= Harold Culbert =

Canadian politician

Harold William Culbert (16 May 1944 - 1 March 2005) was a Canadian businessman and politician. Culbert was a member of the House of Commons of Canada from 1993 to 1997.

Culbert was born in Woodstock, New Brunswick and was once that community's mayor from 1980 to 1992. By career, he was a businessman, including work in insurance sales.
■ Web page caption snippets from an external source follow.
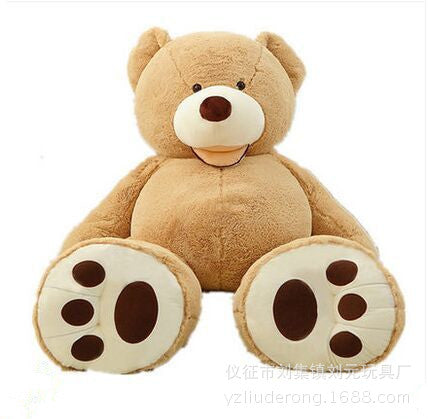 Teddy Bear Plush Toy Shell - Filling not Included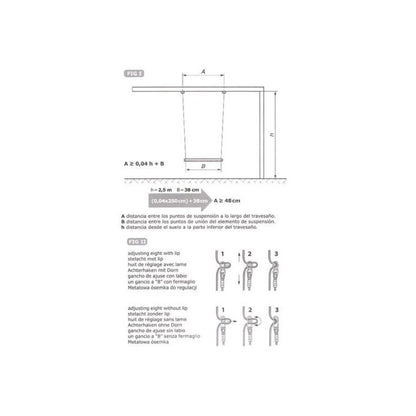 Asiento Plano De Plastico Masgames Azul._5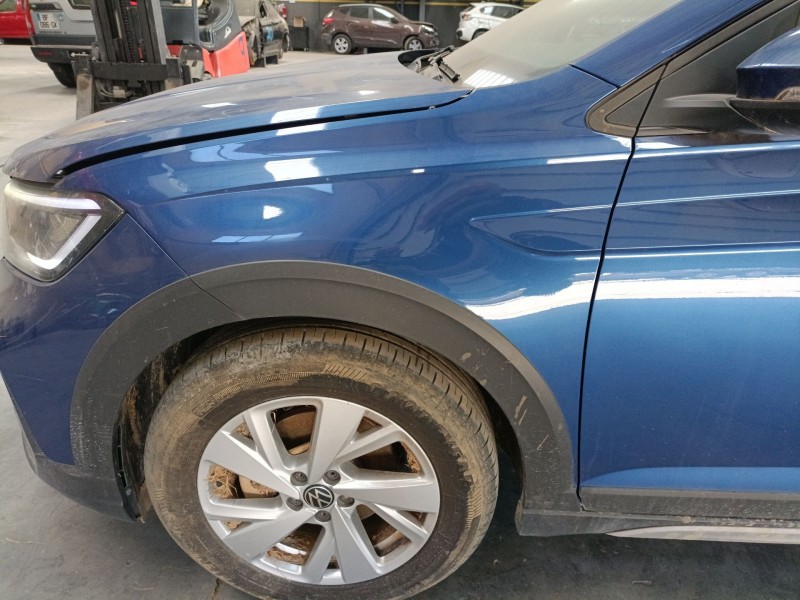 Recambio de aleta delantera izquierda para volkswagen taigo (cs1) 1.0 tsi referencia OEM IAM   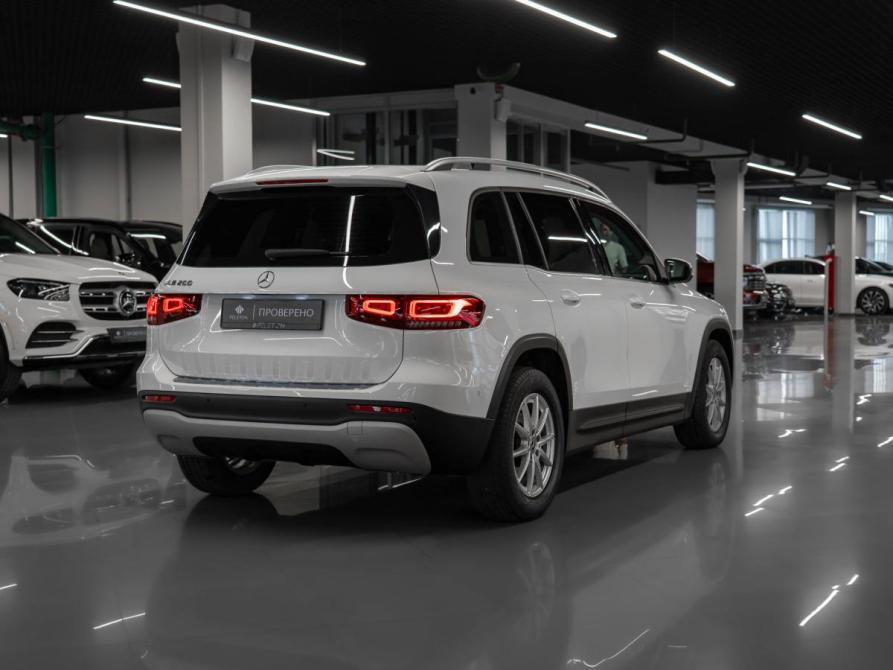 Mercedes-Benz GLB I (X247) Москва  - изображение 5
He first campaigned for the Liberal party in the Carleton—Charlotte electoral district in 1988 but lost to Progressive Conservative candidate Greg Thompson. He defeated Thompson in 1993 and served in the 35th Canadian Parliament. For the 1997 general election, Culbert and Thompson would again compete, this time in the restructured riding of Charlotte. Thompson regained his seat in Parliament and Culbert never returned to federal politics.

Harold Culbert died of heart disease at Carleton Memorial Hospital, Woodstock, New Brunswick.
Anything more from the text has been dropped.